Workshop for children, teens, and families with Nevena Ekimova and Nevelin Ivanov
PLAYGROUND DAY
As part of CULTURAMA ’26, #playground will be more than just a place to play. It will become a symbol of our freedom to think, create, and discover together. We invite you to bring wasted or forgotten textiles from your home, as well as small objects. With the help of the artists Nevena Ekimova and Nevelin Ivanov, these items will be transformed into a collective installation using various artistic techniques during our Playground Day. The process of transformation is at the heart of the project: the materials and objects are given new life, and the children gain the confidence that they can create meaning and make new form from what seems abandoned!
The PLAYGROUND DAY initiative is designed as an interactive, multidisciplinary project for children, teenagers, and families as part of the festival. The playground here is more than just a place to play—it is a symbol of the freedom to think, create, and discover together.We invite families to bring unwanted or forgotten textiles from their homes, as well as small objects. Over the course of a day, these will be transformed into a collective installation using various artistic techniques. The process of transformation is at the heart of the project: materials and objects are given new life, and children gain the confidence that they can create meaning and form from what appears to be discarded.
Through this creative process, participants learn to work together, ask questions, and seek new solutions. Art serves as a bridge between play and knowledge, between personal experience and shared community. It does not merely reflect the world, but reinterprets it and opens up space for dialogue and inclusion.
“At the core of art lies play, and the playground (or, in my case, the unnamed space behind the apartment block) is the first field of expression for the future artist. One of my favorite games was to transform muddy puddles together with other children into oases—with palm trees made of grass, dams built from pebbles, and paper boats. In this type of collective play (another example being sandcastles), one rule applies: the more children take part in the shared act of creation, the more impressive the result.As an adult, I often feel drawn to invite the audience into my work—perhaps in search of that same sense of free collectivity. I encourage a shared act of creation that allows for individual expression, yet is nourished and thrives in the presence of others.My work for this year’s edition of KultuRama is open to people of all ages and allows for free expression within the ancient tradition of weaving. Visitors have the opportunity to take part in creating yarn from used knitwear, including their own old garments, as well as to weave directly into the work throughout the day—contributing their labor and imagination to the collective whole.”

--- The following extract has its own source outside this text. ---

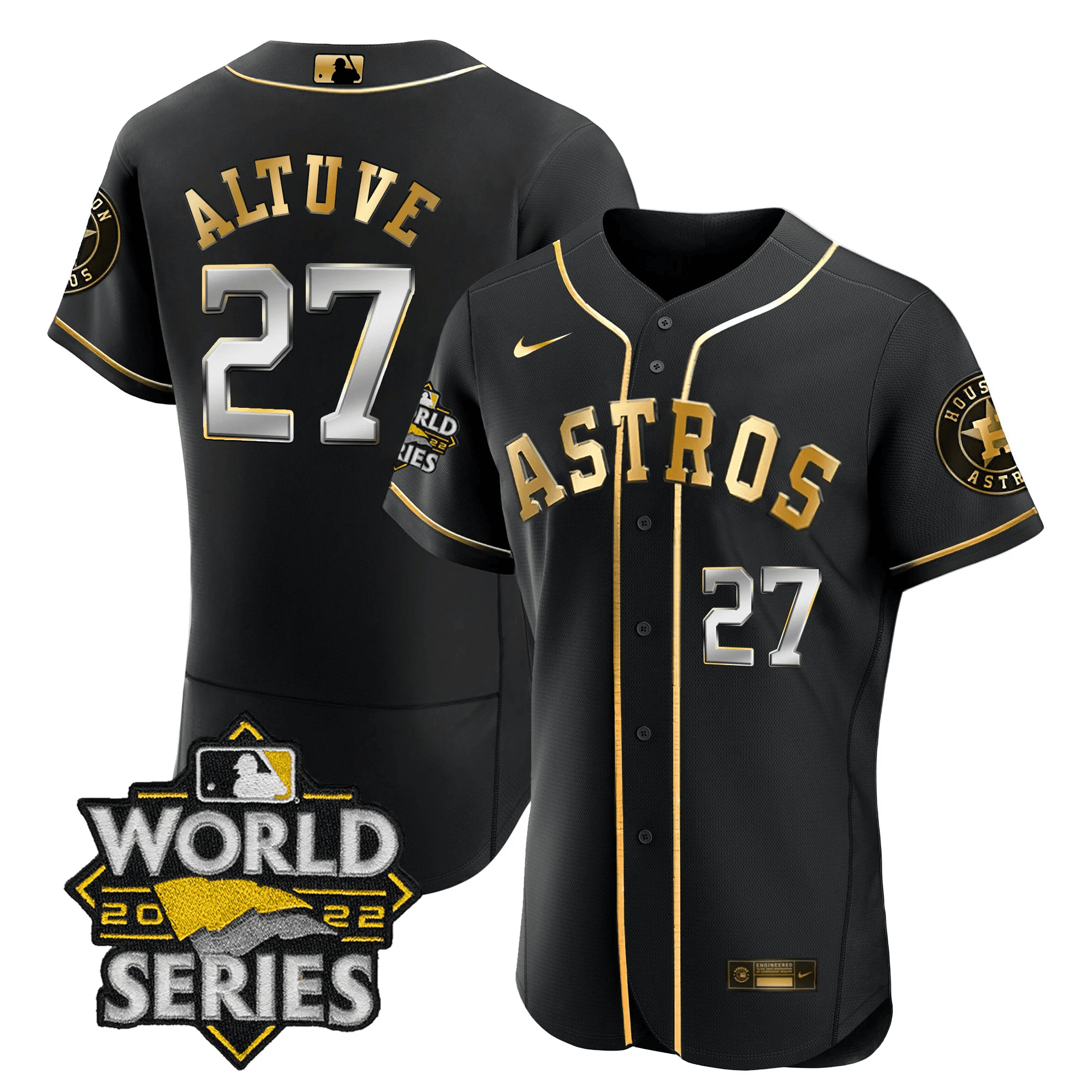 José Altuve Men's Houston Astros 2022 World Series Player Flex Black Jersey - All Stitched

Nevena Ekimova is a Bulgarian artist, based in her hometown of Gabrovo. She studied contemporary art in Norway and Iceland, and got her BFA at the Valand Art Academy in Gothenburg, Sweden. Besides participating in exhibitions, she often works with public institutions and creates large-scale interactive projects for children and adults. Nevena's works are often both visual and tactile, have a poetic and/or performative element and invite active audience participation. Nevena is the creator of the Mirror Hall and the Kids’ Hall Garden Town at the Museum of Humor and Satire in Gabrovo.
“The work places art education at its center as a process of gathering, listening, and transforming individual ideas into a shared form. Within the project, children write their thoughts on sticky notes, and I stitch them together with a sewing machine, turning them into a garland of fragments, voices, and images. This sequence of small gestures echoes the way artistic knowledge is built—through practice, repetition, attention to detail, and engagement with material. In this way, individual imagination becomes a shared image, and the educational process itself transforms into a visible, living artistic form composed of many parts.”
Nevelin Ivanov (b. 2002, Burgas) is a visual artist with a background in Fashion Design from the National Academy of Arts and a Master’s degree in Cultural Studies. His work operates at the intersection of drawing, conceptual fashion, and performance.He has participated in the School4Artists 3 platform at the Institute of Contemporary Art – Sofia and was nominated for the Baza Award in 2024 and 2025. His solo exhibitions include “If I Had a Pig, I Would Name It Nevo”, “Nevo’s Bedroom”, and “You Will Not See”.He has also taken part in several group exhibitions and fashion performances, including “Toy-Cry” at ICA Gallery, Sofia (2023), as well as Defy The Status Quo at Æther Haga, The Hague, Netherlands, and DOZA, Sofia (2023).